Writing better Yara rules in 2023…
2023-8-26 08:15:33 Author: www.hexacorn.com(查看原文) 阅读量:15 收藏

In my previous post I mused about an impossible task – how to consolidate a large, unorganized yara ruleset (that lots of us, admittedly, collect and hoard – just downloading it all, randomly, from all the corners of the internet w/o much thinking…) into a single, monolith, ready-to-use-for-a-quick-triage yara rule set…

Trust me: it’s not easy, but still doable, and in my previous post I kinda outlined a process that extracts, isolates and classifies each rule one by one, so that once they are all in separate files, we strip their metadata, deduplicate them, check their syntax for errors, find hidden duplicates (via compilation), and finally merge the surviving ones into a one, gigantic rule set that can be used directly with yara.exe (or compiled with yarac.exe for faster processing).

Yup, it’s not perfect, but this is one of these “it kinda worked for me” situations…

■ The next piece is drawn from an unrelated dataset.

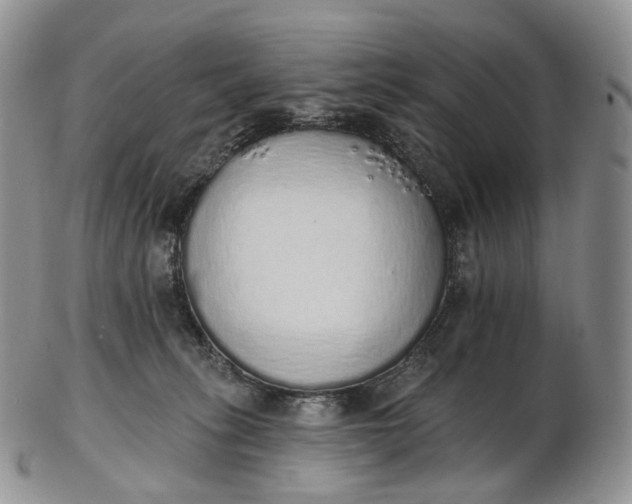 X0000102810275200809021205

Since my last post I made lots of improvements to that idea and I can now painlessly merge any set of random yara rules with a minimal manual input, but with a caveat that I brutally ditch many of the ‘bad rules’ ‘in the process’… It’s their authors’ fault though 😉 Yup, I am serious – if your rule is kinda over-engineered – no one wants it, and this is why I also kill it at source cuz I don’t want it either 😉

Anyway… this post is not about automation. It’s about quality. A subject close to my heart, because this is my second post on yara rule writing ‘best practices’ – the first one was a disaster, because I was wrong on many fronts, and was corrected by the actual Yara devs… It was an eye-opening experience, for sure. That old post – I took it down.

And I do hope this post will be a bit better!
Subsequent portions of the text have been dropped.